# DATA
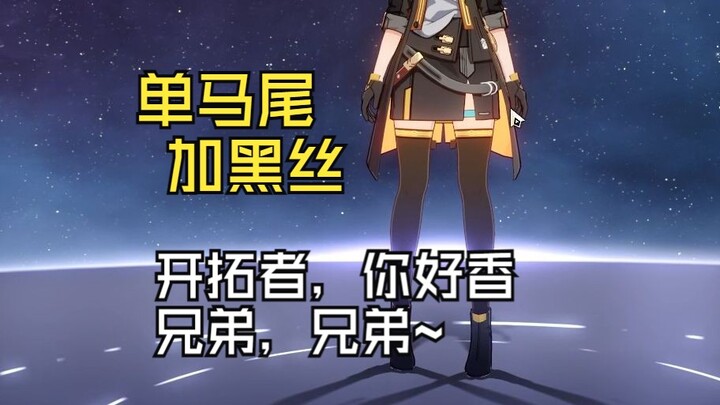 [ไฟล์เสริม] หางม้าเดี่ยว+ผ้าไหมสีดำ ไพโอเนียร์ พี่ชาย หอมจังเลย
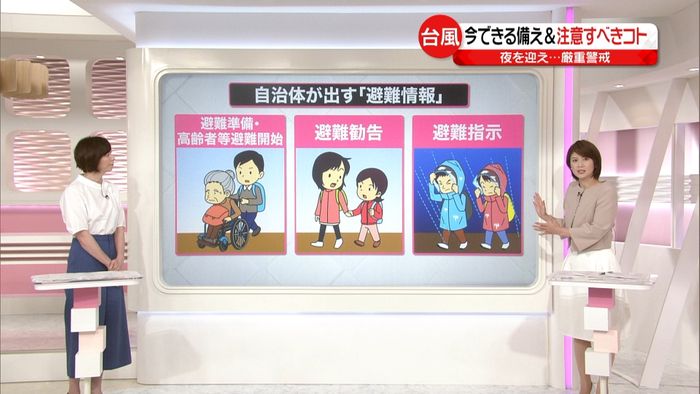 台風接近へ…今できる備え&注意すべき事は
---
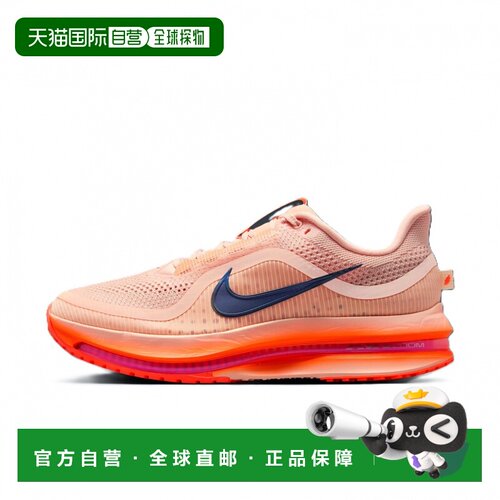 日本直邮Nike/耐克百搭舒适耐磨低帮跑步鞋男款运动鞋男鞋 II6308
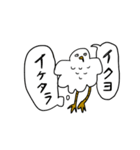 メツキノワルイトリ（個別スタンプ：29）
* * *
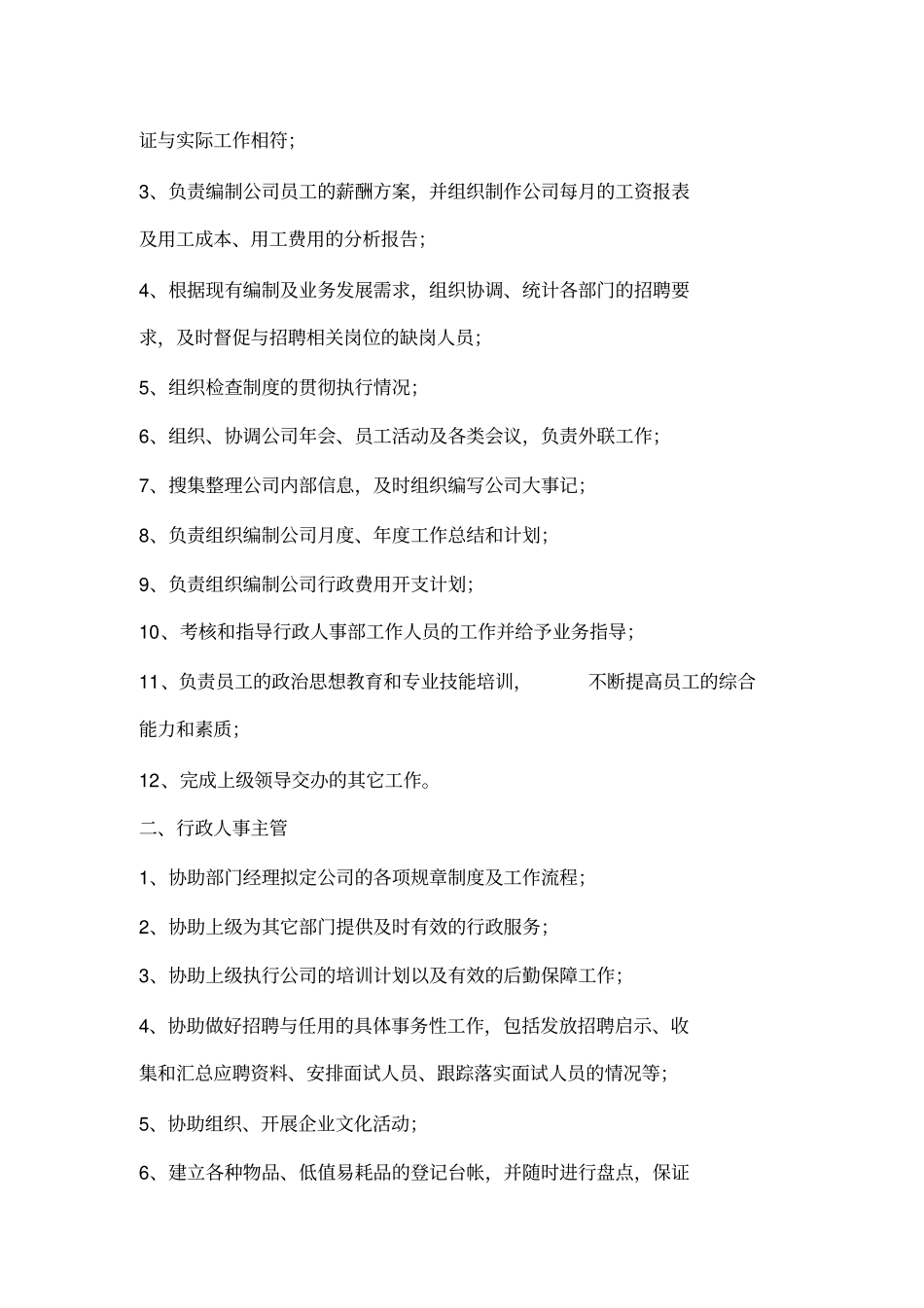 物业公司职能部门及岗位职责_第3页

# WHAT IS BEING ASKED
From the records above, copy only the lines running from the line containing "[ไฟล์เสริม] หางม้าเดี่ยว+ผ้าไหมสีดำ ไพโอเนียร์" to the line containing "台風接近へ…今できる備え&注意すべき事は", both ends included. Leave the pictures out.

# RESULT BELOW
 [ไฟล์เสริม] หางม้าเดี่ยว+ผ้าไหมสีดำ ไพโอเนียร์ พี่ชาย หอมจังเลย
 台風接近へ…今できる備え&注意すべき事は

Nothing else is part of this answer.